Mythbuster: The aging population (external - login to view)
By Sam Cooper, The Province October 16, 2011
The confidential federal government report “Canada’s Changing Demographics: The Impacts of Population Aging” listed several myths that need to be shot down in order to understand the changes that have just started to be unleashed in Canada and across the world.
Myth: Population aging is just about people getting older.
Fact: It is a change in population age structure, so that the share of older persons grows while the share of younger persons shrinks. Longer lifespans contribute, but lower fertility is the main driver.
Myth: In Canada, aging will end with the passing of the baby boom.
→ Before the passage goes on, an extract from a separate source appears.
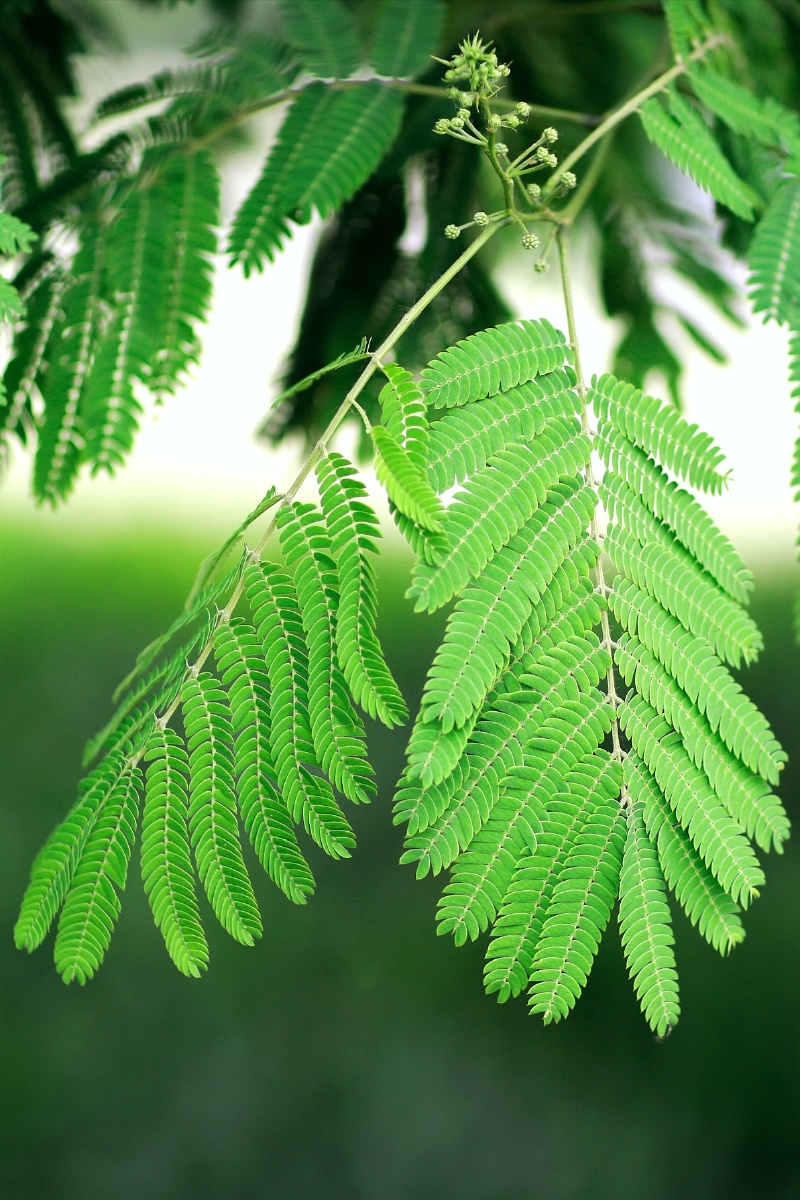 合欢花合欢花有着吉祥的寓意被赋予言归于好合家欢乐的寓意它寓意夫妻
Fact: While the baby boom will contribute to the rapid speed of population aging over the next 20 years, population aging is likely to continue. In 2061, when the youngest surviving boomers will be 95, Canada will still have 25 per cent seniors, compared to 14 per cent in 2009.
Myth: Canada can reverse population aging through immigration.
Fact: Immigration rates would need to more than double and potentially quintuple to maintain current age-population “dependency ratios.”
Myth: Aging is just a trend in developed countries.
Fact: By 2050, populations in developing countries will be aging so rapidly they are likely to have the same proportion of seniors as developed countries do today. These trends will impact geopolitics, the global economy and trade, and immigration, meaning a race will be on for countries to “get rich before getting old.”